Funded by two R21 grants, an American Heart Association grant and a UND Faculty Research Seed grant since she joined UND in August 2011, Sharma’s research focuses on sepsis, which is a life-threatening medical condition that results from a systemic inflammatory response by the body to fend off a severe infection or to recover from a traumatic injury.

“Sepsis is a medical condition where your immune system gets overactivated,” said Sharma, a microbial immunologist.

The patient’s immune system reacts to the body’s signal of impending peril with a defense that goes horribly wrong—it doesn’t distinguish between molecular friend and foe. The onslaught of sepsis is frighteningly fast; it can progress from simple sepsis to severe sepsis to septic shock sometimes within hours. Blood vessels are particularly affected by the hyperinflammation that accompanies sepsis.
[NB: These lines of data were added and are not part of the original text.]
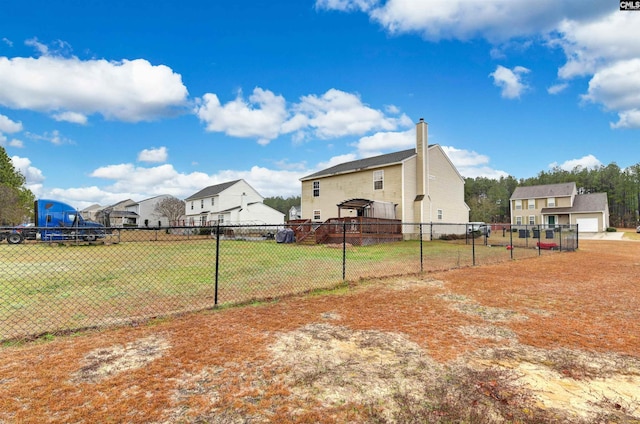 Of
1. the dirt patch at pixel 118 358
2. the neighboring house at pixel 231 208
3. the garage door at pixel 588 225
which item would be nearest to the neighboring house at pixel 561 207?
the garage door at pixel 588 225

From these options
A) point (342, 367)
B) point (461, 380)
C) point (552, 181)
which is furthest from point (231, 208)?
point (552, 181)

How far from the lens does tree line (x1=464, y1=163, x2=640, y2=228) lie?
57875mm

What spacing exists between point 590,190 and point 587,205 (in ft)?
100

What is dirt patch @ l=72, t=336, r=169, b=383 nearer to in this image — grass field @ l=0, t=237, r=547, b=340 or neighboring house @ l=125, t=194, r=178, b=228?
grass field @ l=0, t=237, r=547, b=340

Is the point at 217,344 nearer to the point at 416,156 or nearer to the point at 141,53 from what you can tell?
the point at 141,53

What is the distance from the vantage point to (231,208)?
1582 inches

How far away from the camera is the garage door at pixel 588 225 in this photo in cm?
4034

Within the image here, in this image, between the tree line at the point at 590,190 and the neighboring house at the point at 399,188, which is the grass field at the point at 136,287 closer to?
the neighboring house at the point at 399,188

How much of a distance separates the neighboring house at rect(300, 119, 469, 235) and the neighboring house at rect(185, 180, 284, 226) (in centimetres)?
1168

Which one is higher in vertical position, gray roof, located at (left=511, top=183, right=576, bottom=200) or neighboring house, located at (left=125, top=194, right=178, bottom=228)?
gray roof, located at (left=511, top=183, right=576, bottom=200)

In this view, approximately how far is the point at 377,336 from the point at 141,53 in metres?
16.6

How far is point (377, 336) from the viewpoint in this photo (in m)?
4.01

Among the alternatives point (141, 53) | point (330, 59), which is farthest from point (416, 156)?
point (141, 53)

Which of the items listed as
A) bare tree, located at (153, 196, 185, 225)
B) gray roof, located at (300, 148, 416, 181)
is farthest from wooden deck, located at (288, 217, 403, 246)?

Extensive blood clotting occurs in vessels as a result of the ongoing inflammation, which disrupts blood flow and thus oxygen supply to the organs. Patients suffer a fever or hypothermia, a rapid heart rate, rapid respiration, and multiple organ failure because vital tissues lack perfusion with oxygen as a result of low blood pressure.
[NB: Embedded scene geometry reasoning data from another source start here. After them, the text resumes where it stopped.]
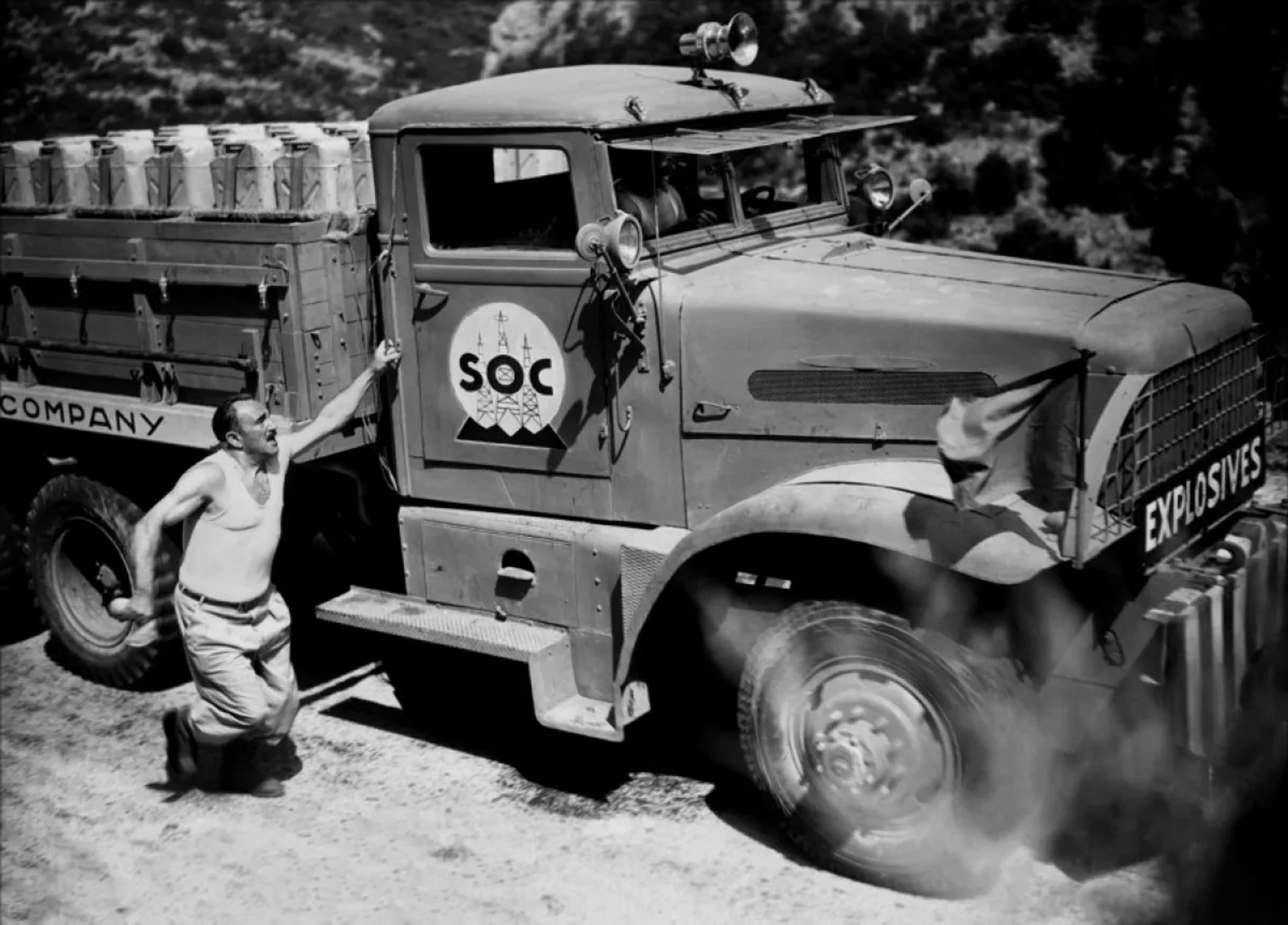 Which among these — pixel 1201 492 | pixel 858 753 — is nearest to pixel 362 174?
pixel 858 753

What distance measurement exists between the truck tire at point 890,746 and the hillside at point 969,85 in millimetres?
8062

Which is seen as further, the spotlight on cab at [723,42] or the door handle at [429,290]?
the door handle at [429,290]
“The mortality rate is very, very high: 20 to 50 percent of people admitted to an ICU with sepsis are at risk of dying,” she said. “Half of the ICU resources in this country are spent on these patients. The annual expenditure is around $20 billion.”
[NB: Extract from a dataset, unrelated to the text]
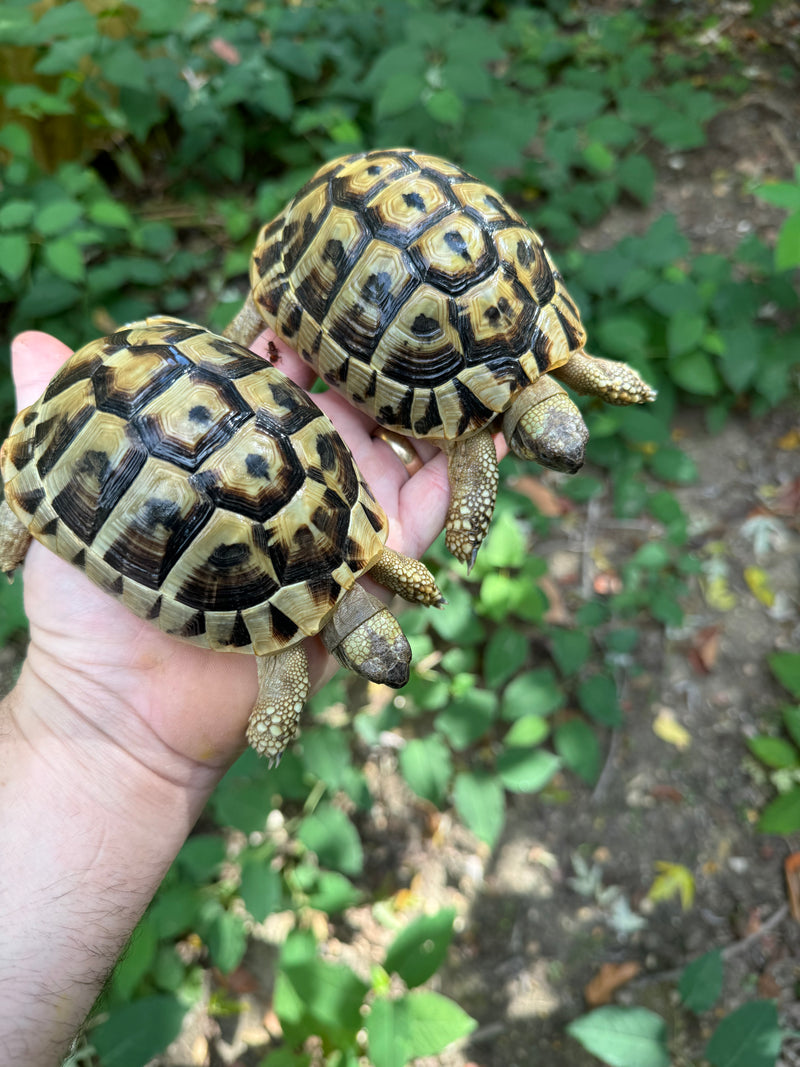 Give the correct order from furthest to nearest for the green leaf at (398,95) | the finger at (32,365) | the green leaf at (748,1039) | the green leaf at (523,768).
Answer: the green leaf at (398,95), the green leaf at (523,768), the finger at (32,365), the green leaf at (748,1039)

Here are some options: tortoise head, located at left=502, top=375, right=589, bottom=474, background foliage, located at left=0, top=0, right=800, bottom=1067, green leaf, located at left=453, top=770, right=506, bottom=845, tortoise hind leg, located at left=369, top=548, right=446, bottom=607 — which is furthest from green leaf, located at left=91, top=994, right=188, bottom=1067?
tortoise head, located at left=502, top=375, right=589, bottom=474

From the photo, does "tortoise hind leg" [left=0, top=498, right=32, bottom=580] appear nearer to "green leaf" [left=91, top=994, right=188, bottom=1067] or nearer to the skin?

Sharma’s work in this R01 grant examines the most common type of infection-fighting white blood cell—neutrophils—that are the first responders for combatting bacterial infections like pneumonia. Neutrophils fight pneumonic bacteria in two ways. Primarily, they engulf and destroy the bacteria. Or they can form NETs outside of cells. NETs are neutrophil extracellular traps in which the neutrophils expel DNA fibrils with molecules attached that can trap and kill bacteria. But the factors controlling NET formation are not well understood.

Sharma’s team has identified a molecule called “Mincle,” which is acting as a central regulator of NET formation in pneumonia and sepsis. In the absence of Mincle, the neutrophils don’t form NETs, which allows the bacteria to grow unchecked, ultimately leading to hyperinflammation and sepsis.

“Our observation of Mincle-mediated NET formation through a novel signaling pathway presents an exciting opportunity to understand NET formation and its role in sepsis at an unprecedented level.”

However, NET formation comes at a cost. Uncontrolled NET formation can also lead to collateral damage from inflammation. Hyperactive immune response because of too many NETs has now been identified in many diseases like lupus, COPD (chronic obstructive pulmonary disease), arthritis and even Alzheimer’s disease.

“In the future, when we are equipped with the understanding of NET formation from this work along with unique ways to manipulate NET formation that we are trying to develop currently, we will be able to harness the beneficial outcome of NETs while avoiding their potentially harmful effects. It’s a goal that has remained elusive so far.”

Assisting Sharma with this project has been her postdoctoral fellow Atul Sharma, Ph.D. (not related). Sharma’s project will have a clinical component as well. Associate Professor Mary Aaland, M.D., who is the director of rural surgery and the director of clinical research in the UND SMHS Department of Surgery, will be coordinating the acquisition of patient samples from Altru Clinic in Grand Forks with the help of UND SMHS Associate Professor of Surgery and Altru Hospital Surgeon Randy Szlabick, M.D.

“Determining the relevance of NET formation in a clinically relevant pneumonic sepsis model as well as in sepsis patients will not only provide possible therapeutic interventions for this deadly immune disorder,” Sharma said, “but it also may possibly provide treatments for a variety of disease conditions where unregulated NET formation is an underlying cause.”